Deconstructing the College Admissions Rat Race

Sunday, November 10, 2013
First Aired:
Sunday, September 4, 2011

What Is It

America's elite colleges and universities spend millions of dollars to generate thousands of applicants, the vast majority of whom they reject. High school students – and their parents – work hard to gain entry to such institutions, and can be devastated by the rejection. Is there a purpose to this rat race? What values are implicit in the American college admissions process? John and Ken offer admission to Mitchell Stevens from Stanford's School of Education, author ofCreating A Class: College Admissions and the Education of Elites这是一个为加州帕洛阿尔托的高中生录制的节目。

Listening Notes

节目开始时,肯和约翰描绘了今天的大学招生情况。他们引用了一些令人恐惧的数据,说明精英学校对学生的选择性,并指出,给高中生施加被录取的压力既不好也不健康。约翰描述了这样一个恶性循环:申请一所学校的人数越多,就会越挑剔,这就会带来更高的声望,进而导致第二年申请人数更多。肯想知道,把青少年置于这样的环境中会产生什么后果。

在他的介绍之后,米切尔·史蒂文斯回答了约翰关于大学招生发生了什么变化的问题。当前的经济形势使得像斯坦福这样的精英院校不仅录取人数紧张,而且录取人数普遍紧张。米切尔解释说,学院或大学就像夜总会:它拒绝的人越多,它就越受欢迎。

Ken wonders whether the prestige of a school even matters. Do elite schools deliver something to their students that can’t be gotten elsewhere? Mitchell answers that it’s true that prestige matters and lists three reasons. First of all, graduating from an elite college or university pre-sorts you in applicant pools for the rest of your life. Second of all, it creates a web of relationships that you can cultivate for the rest of your life. And thirdly, it affects who you’re likely to marry or remarry. From an educational angle, John adds that he doesn’t think it matters much unless you have ambitious research interests; undergraduates should focus on the quality of teaching, not the prestige of a university, because that is the factor in their choice that they will be most affected by.

The discussions sparked by audience questions range from consideration for the ethics of affirmative action to the common yet vague criterion of leadership potential. John concludes the show with a hopeful word of a advice. High schoolers shouldn’t be discouraged by rejection; students can have fun at college anywhere. Ken, on a more serious note, chimes in that a wonderful fact about America is that there are so many great universities. Society shouldn’t be so obsessed by the marginal utility granted by a school’s prestige.

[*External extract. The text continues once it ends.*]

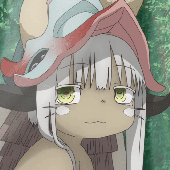 Avatar for n00ses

  • Roving Philosophical Reporter(寻找5点40分):凯特琳·埃施通过与帕洛阿尔托的婚姻和家庭治疗师丽莎·迪马里诺(Lisa Dimarino)交谈,了解了高成绩高中生所处的高压环境。
  • 60-Second Philosopher(Seek to 48:58) : After reflection on how things were different when he was a boy, Ian Shoales counsels students that their only hope in the sinking job market is to, somehow, get rich quick.